French newspaper L’Équipe uses anti-fascist slogan against Spain before semi-final match

French newspaper L’Équipe uses anti-fascist slogan against Spain before semi-final match
French newspaper L’Équipe uses anti-fascist slogan against Spain before semi-final match

“They shall not pass.” The slogan became popular among Republican militias during the civil war to stop the advance of Franco’s troops. And it has been used, in Spanish, in recent weeks by the French left to appeal to the vote against Marine Le Pen’s far right. Now, the sports daily L’Équipe has taken it up again. But, this time, to stop the Spanish football team before Tuesday’s match.

On the front page of the paper, next to the anti-fascist proclamation, five players from the French team appear. Among them, Jules Koundé, who in recent weeks has made several calls for his compatriots to go to the polls. “We must block the extreme right,” the defender said. “To reach the final, Blues They will have to hold their own against Spain, the most attractive team in the Euro,” writes L’Équipe.

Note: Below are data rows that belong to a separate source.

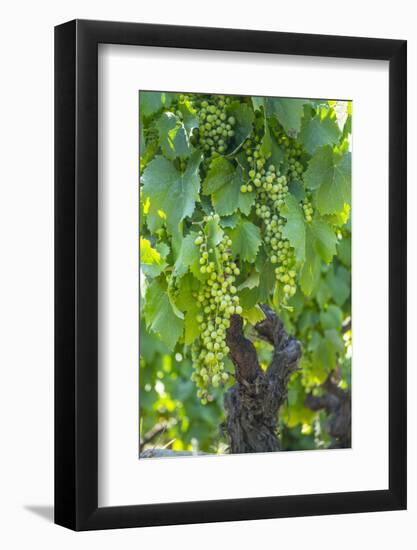 Portugal, Douro Valley, Douro River, Wine Grapes in Porto-Emily Wilson-Framed Photographic Print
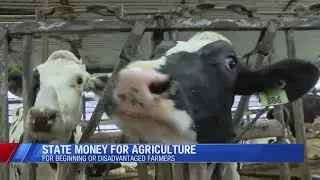 State Money for Agriculture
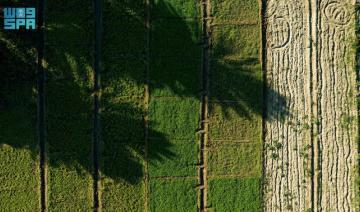 Les anciennes pratiques de l'agriculture biologique à Taif alimentent l'industrie de l'alimentation animale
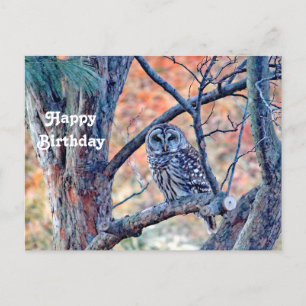 Carte Postale Photo de chouette rayée sauvage arbre anniversaire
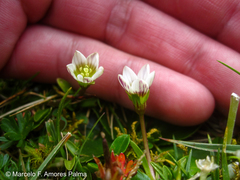 Gentianella limoselloides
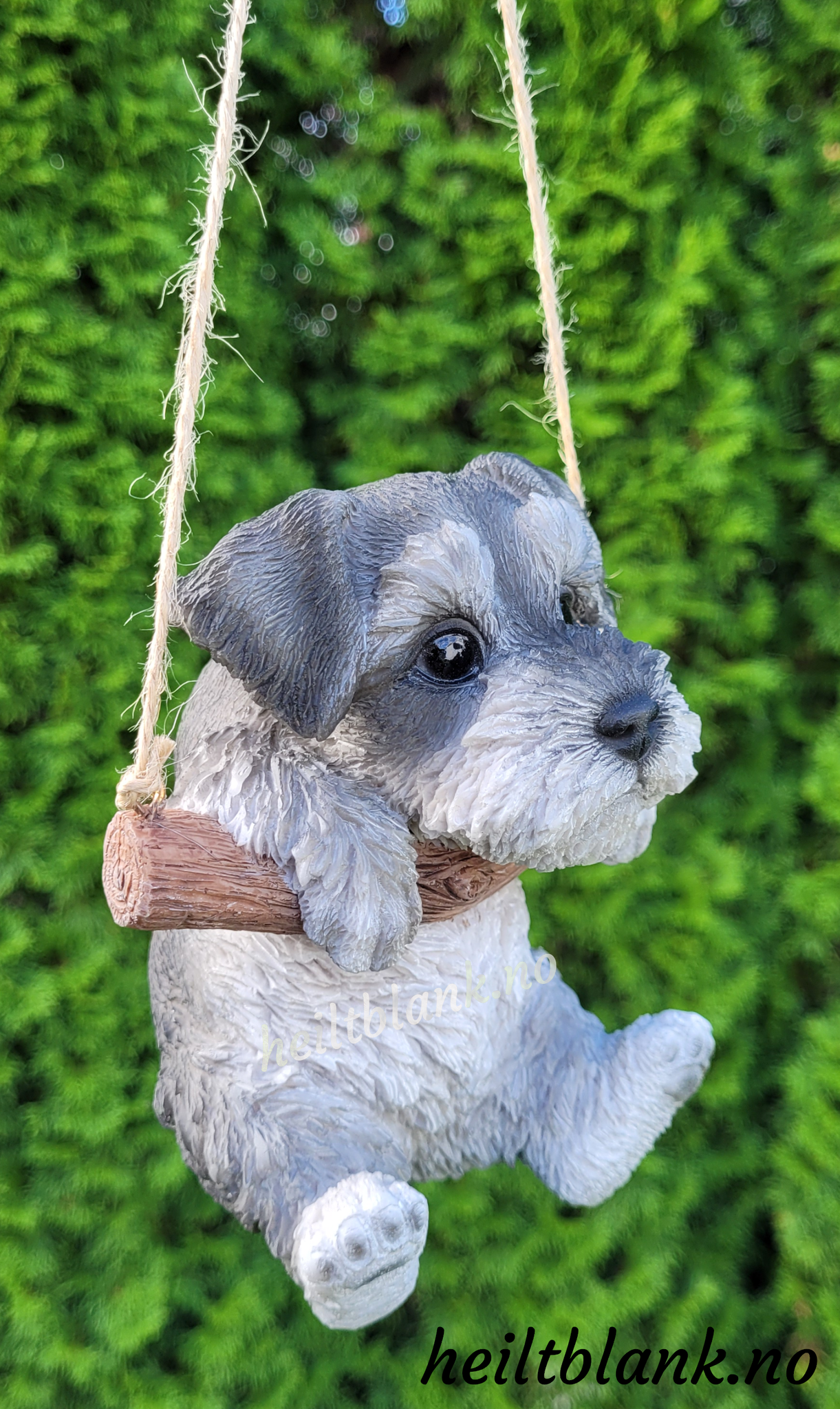 Schnauzer på huske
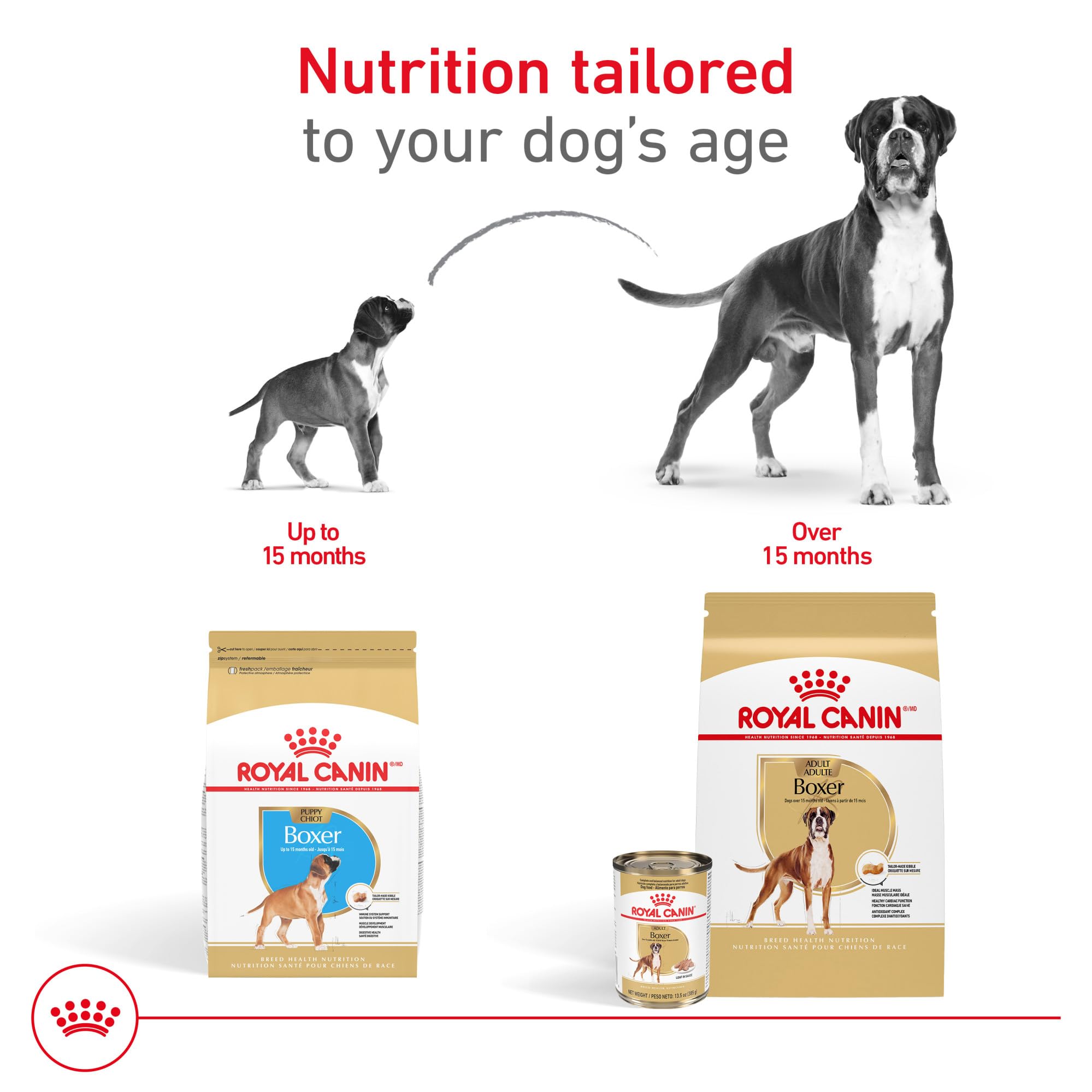 Royal Canin Boxer Puppy easy-chew kibble design enhances mealtime confidence.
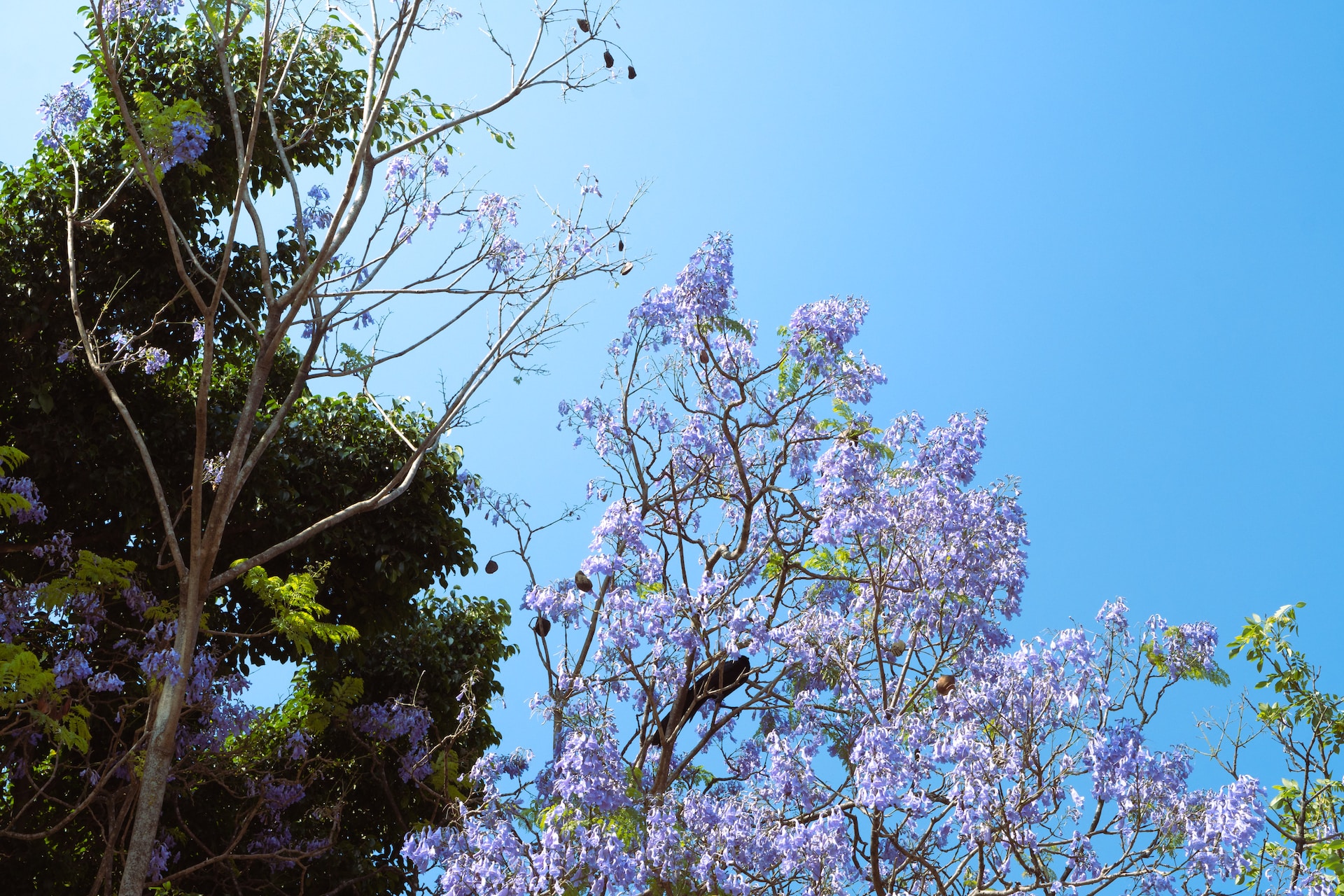 wildlife-friendly garden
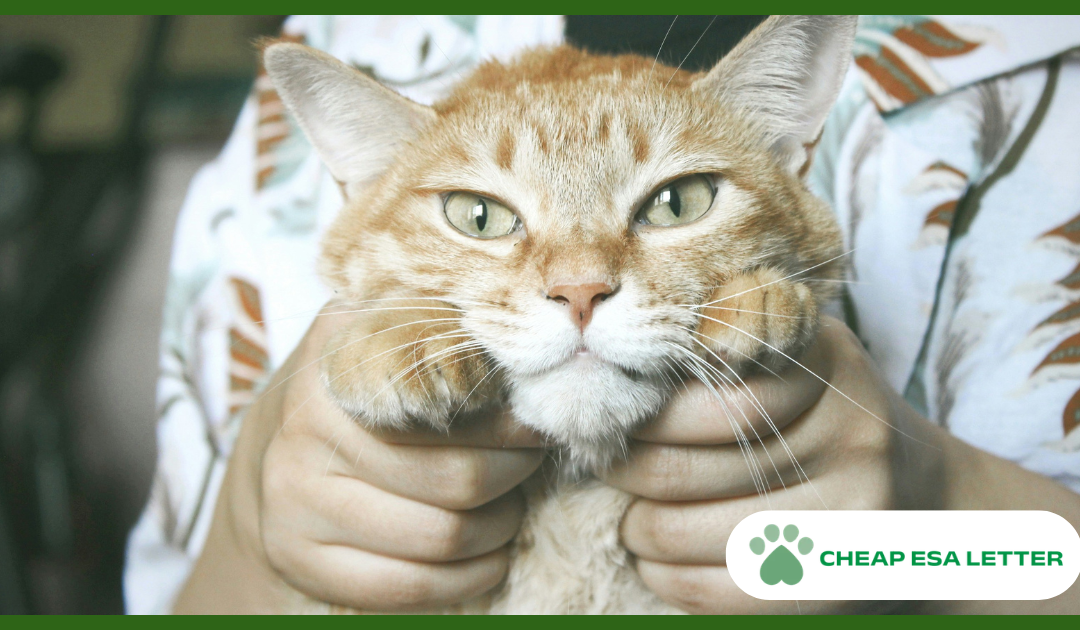 New Hampshire Emotional Support Animal Laws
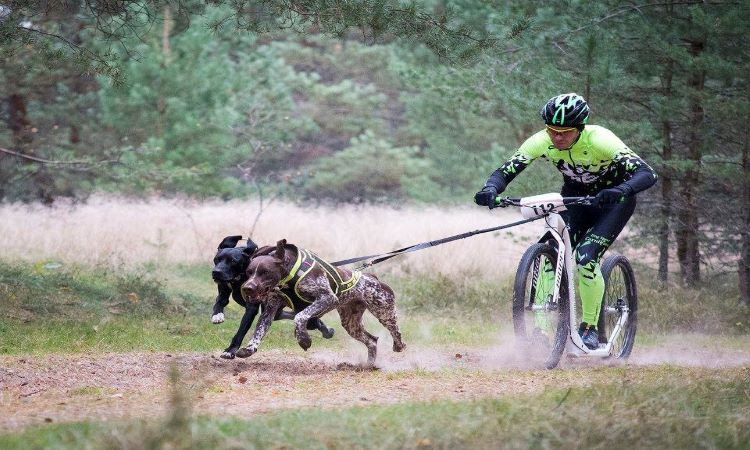 Latvijai atkal ir piešķirts Pasaules kausa posms kamanu suņu sportā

Since Emmanuel Macron announced the early French legislative elections on the evening of 9 June, the phrase “no pasarán” has been heard on many occasions. It has been uttered by demonstrators in Paris. It has given its name to a protest song by rappers. It has even been used by a former footballer such as Éric Cantona. Now, the enemy they are opposing is not fascism, but the team led by Luis de la Fuente. This Tuesday, the two countries will face each other at 9pm in the semi-finals of the European Championship to secure a ticket to the final next Sunday.

Committed footballers

Koundé has not been the only footballer who has ‘got his hands dirty’ with the elections. Ousmane Dembélé shared in his stories on Instagram a picture of his smiling face, minutes after the publication of the Ipsos projections that gave victory to the New Popular Front, to the detriment of National Regrouping, which obtained third place.

That photo (of Dembélé) was also shared by Marcus Thuram, who was the first to publicly take a stand from the French national team. The Inter Milan player warned, after the European elections, of the situation in which both his country and Europe found themselves: “We all have to go and vote, tell everyone to go and vote. And, above all, as citizens, we must fight every day so that this does not happen again. So that the RN does not happen.” [el partido de Le Pen]”. After the result of the second round was announced, Thuram celebrated on his social networks: “Long live diversity, long live the Republic, long live France. The fight continues.”

Alongside these two, also Ibrahima Konate or Aurélien Tchouameni. The first, through emojis who were celebrating having stopped the far right. The Real Madrid player, for his part, described the result as a “victory of the people”.

For all these reasons, they are “imbeciles” for Vox

After that, the president of the Corts Valencianes and second authority of the Valencian Community, Llanos Massó, from Vox, harshly criticized the players of the French team and called them “imbeciles”

Massó stated on the social network X, with typos included: “Hopefully on Tuesday we can celebrate Spain’s victory, not so much for football but for defeating some imbecile elitist millionaires who, while they live in their mansions, condemn their compatriots to insecurity and disaster and celebrate it.”

Commitment from some, lukewarmness from others

The Spanish national team players, on the other hand, chose not to take a position. This was in response to the statements made by the French star and new Real Madrid striker, Kylian Mbappé, who, like his teammates, called for a vote against the far right: “I hope we are still proud to wear this shirt on July 7.”

Asked about this, Unai Simon, the Spanish goalkeeper, decided not to comment. “I am a footballer and political issues should be left to others,” he said.

“They shall not pass.” The slogan became popular among Republican militias during the civil war to stop the advance of Franco’s troops. And it has been used, in Spanish, in recent weeks by the French left to appeal to the vote against Marine Le Pen’s far right. Now, the sports daily L’Équipe has taken it up again. But, this time, to stop the Spanish football team before Tuesday’s match.

On the front page of the paper, next to the anti-fascist proclamation, five players from the French team appear. Among them, Jules Koundé, who in recent weeks has made several calls for his compatriots to go to the polls. “We must block the extreme right,” the defender said. “To reach the final, Blues They will have to hold their own against Spain, the most attractive team in the Euro,” writes L’Équipe.